It may come as little surprise, but the popularity of using smartphones, tablets and wearables to make digital payments is rocketing. From buying a takeaway for dinner to paying the landlord, a new study by Visa claims the number of consumers making such payments has tripled in the past year.
The research in question, Visa's annual Digital Payments Study, surveyed more than 36,000 online consumers in 19 European countries and was conducted to analyse how adoption of digital payments has shifted in the last 12 months.
Released on 12 October, the study indicated that mobile banking activity is increasing across all age groups. For the first time, Visa reported, more than half of European respondents in all age brackets are using mobile banking without a second thought.
The 2016 research concluded that 54% of consumers surveyed regularly use a mobile device to make payments for a range of activities, compared to just 18% who were asked whether they used mobile payments to pay for everyday goods and services in the same study last year.
Nearly three quarters of respondents (74%) in the UK said they regularly use their smartphones to make payments. More than half of these users use their device to transfer money to friends and family (59%) and just under half use it to buy take-away meals (45%).
In the UK, the growth rate among older users increased by nearly 20%, Visa said. Additionally, there was a massive reduction in the number of people who claiming to have never used a mobile device to make a payment and who claimed they "no plans to do so."

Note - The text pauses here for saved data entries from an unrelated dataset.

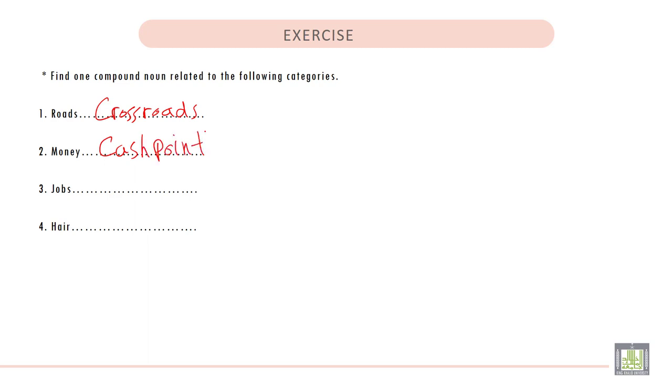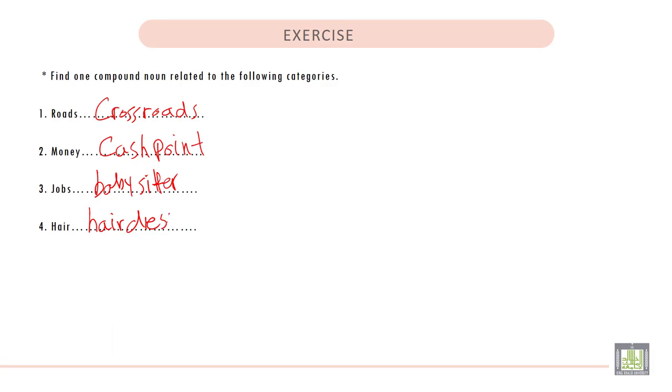The third one is jobs. We can write baby sitter. And the last one: Hair. We can write hairdresser.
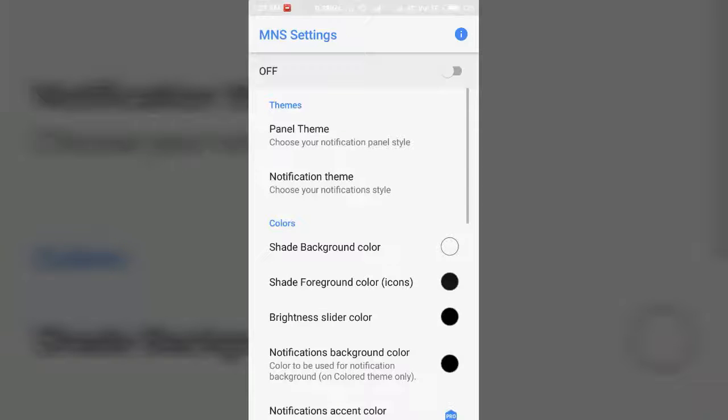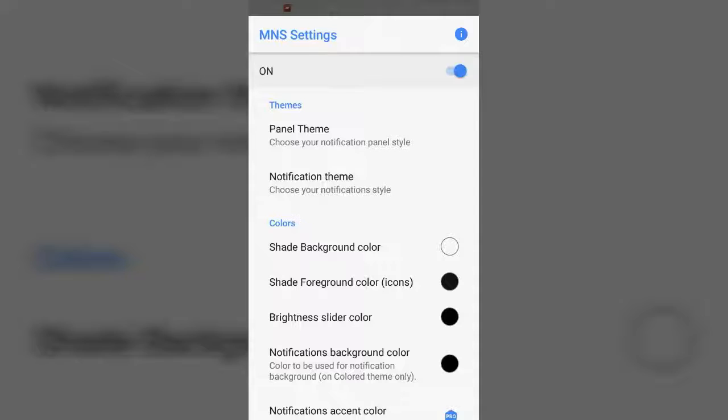Just install it and open the application. Allow all the permissions and turn on the application.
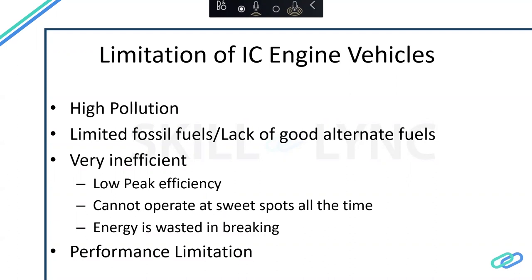Before understanding the benefits of HEVs, let's look at the limitations of IC engine vehicles. First, they create high pollution due to combustion. Second, they use non-renewable fossil fuels with few good alternatives. Third, they are inefficient — peak efficiency of a gasoline engine is around 36%, and diesel is about 45%, meaning more than half the energy is wasted. Additionally, braking energy is not recovered — kinetic energy is simply lost during braking. Finally, performance is limited because engine torque at zero speed is zero, whereas electric motors provide maximum torque at zero speed, which is exactly when a vehicle needs the highest tractive force.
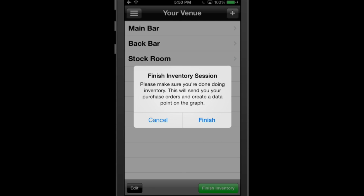Tapping finish inventory will email you your spreadsheet and purchase order, and also create a data point on the online graph in the Partender Portal. Remember that only one person should hit this button. When you hit finish inventory, your spreadsheet and purchase order will be emailed to you automatically.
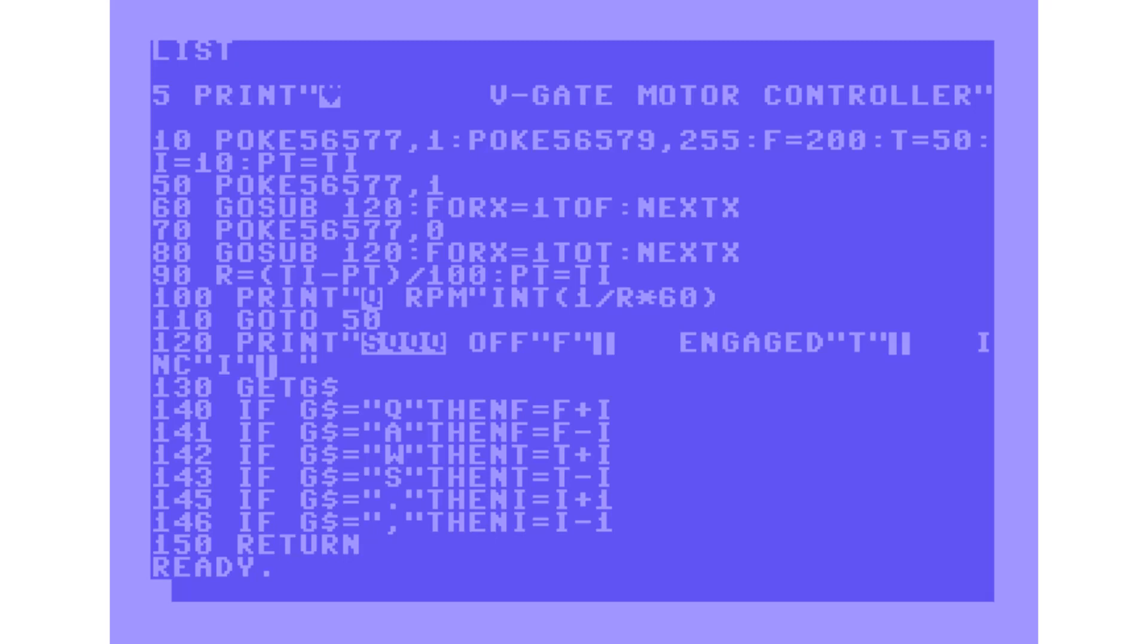Then I grab an input character with a GET statement, and with that I increase and decrease how long those cycles go for. I also use the inbuilt TI timer variable within the Commodore 64 BASIC to calculate the RPM.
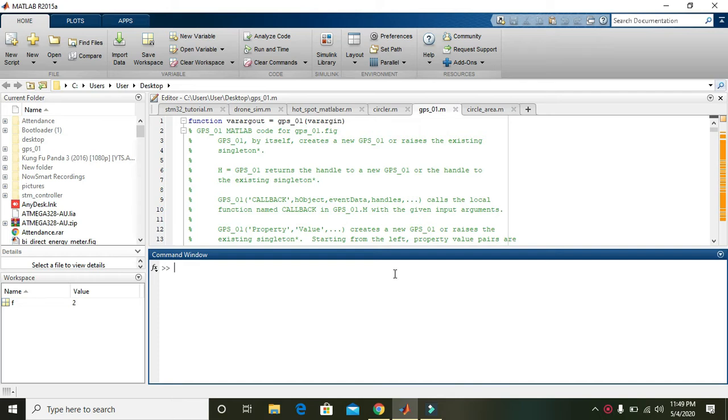First of all, you need to declare a variable, any variable you can write. Like here we have written 'a', so 'a' is a variable in which your input is going to be stored.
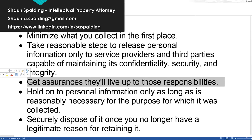Get assurances that third parties will live up to those responsibilities. This can happen in any number of ways. You can get oral assurances, have them sign off on contract provisions saying they'll treat the data in certain ways, or get them to sign a contract that sets a minimum requirement for data security and safety. There are all sorts of ways to get assurances — some formal, some informal — and it's all about the risk that you perceive.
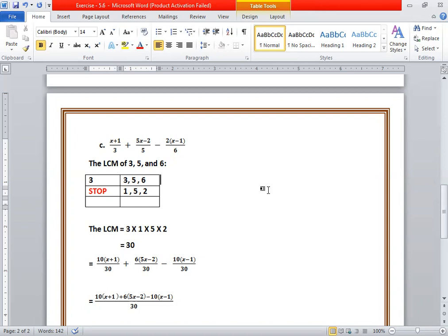Then we divide the LCM 30 by the first denominator 3 — 30 divided by 3 is 10 — and multiply the numerator by 10. We get 10 into (x plus 1) upon 30. Then divide the LCM 30 by 5 — 30 divided by 5 is 6 — and we get 6 into (5x minus 2) upon 30. Because 2 is already outside the bracket, we multiply 5 with 2 to get 10, giving 10 into (x minus 1) upon 30. We combine these fractions since the denominator is the same: 10(x+1) plus 6(5x minus 2) minus 10(x minus 1), all upon 30.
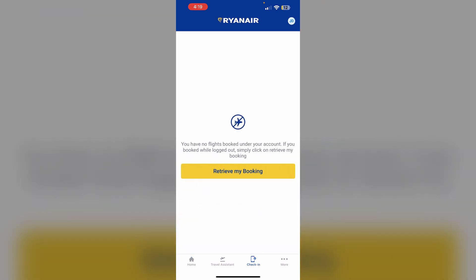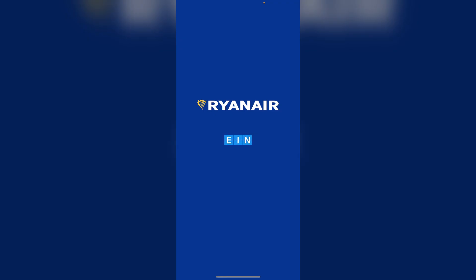Most of the time, if you have booked a flight using the same email that you have used in Ryanair, your booked flights will arrive here. If not, click on retrieve my booking.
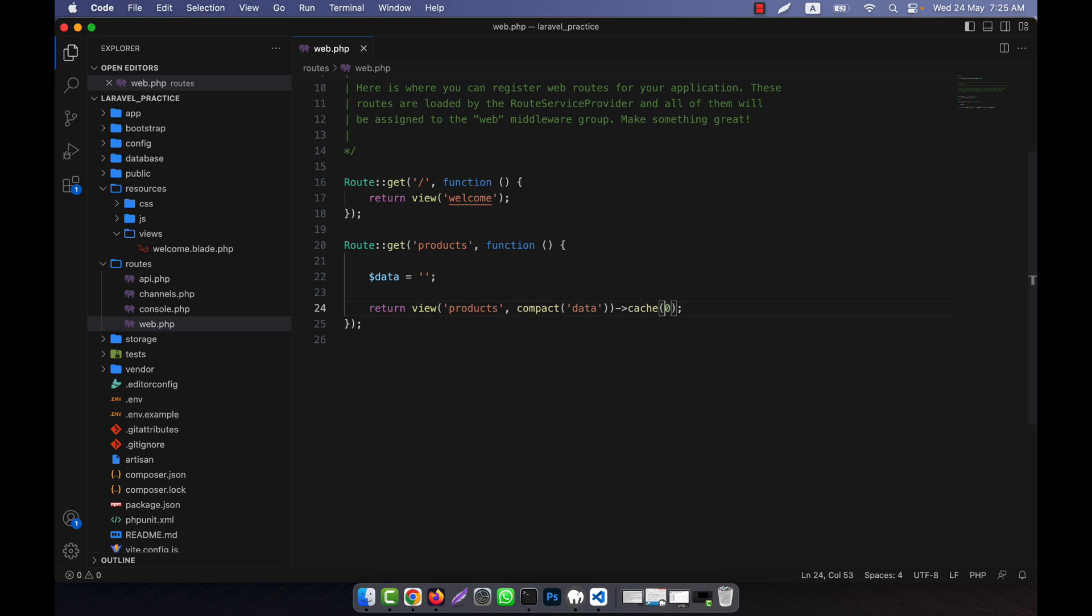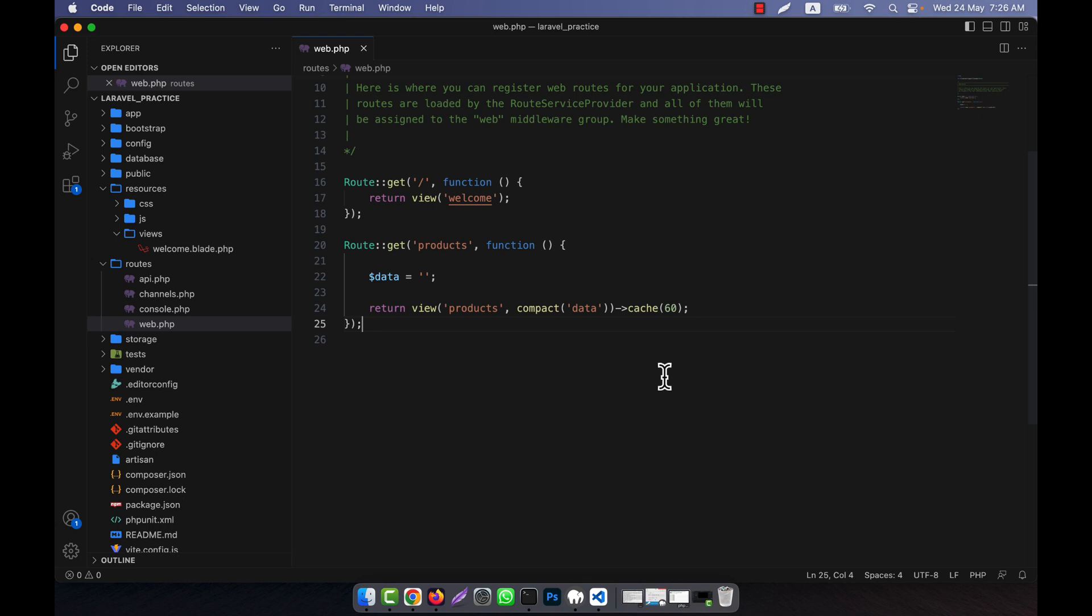If you give here 60, that means it will cache the product view for 60 minutes or one hour. The view will be stored in the cache until the cache expires, meaning the 60 minutes are gone.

"Mobile usage in all areas has increased massively over the last few years, it is definitely now a very integral part of our everyday lives. So, it's no surprise that mobile payments are now becoming more widely used," explained Mark James, Security Specialist at security firm ESET.
"Now, we have integrated biometric authentication into our phones it definitely makes it a lot safer for the end user to utilise that technology to your advantage. It makes sense that our finances will also be controlled and managed from these devices and we will definitely see more and more companies making it easy for us to pay on mobile devices."
The rise in contactless
Alongside the spiking adoption rates of mobile payments was greater integration of contactless technology. The research indicated that, across all age groups, contactless payments are now viewed as normal. In the UK, more than half the people surveyed (58%) used contactless cards this year, up from 20% in 2015.
"The uptake of contactless cards has made a significant impact on normalising digital payments in the minds of British consumers, regardless of age," said Kevin Jenkins, managing director of Visa UK and Ireland. "The near-ubiquity of contactless card usage is gradually helping everyone engage with newer ways to pay, including mobile banking."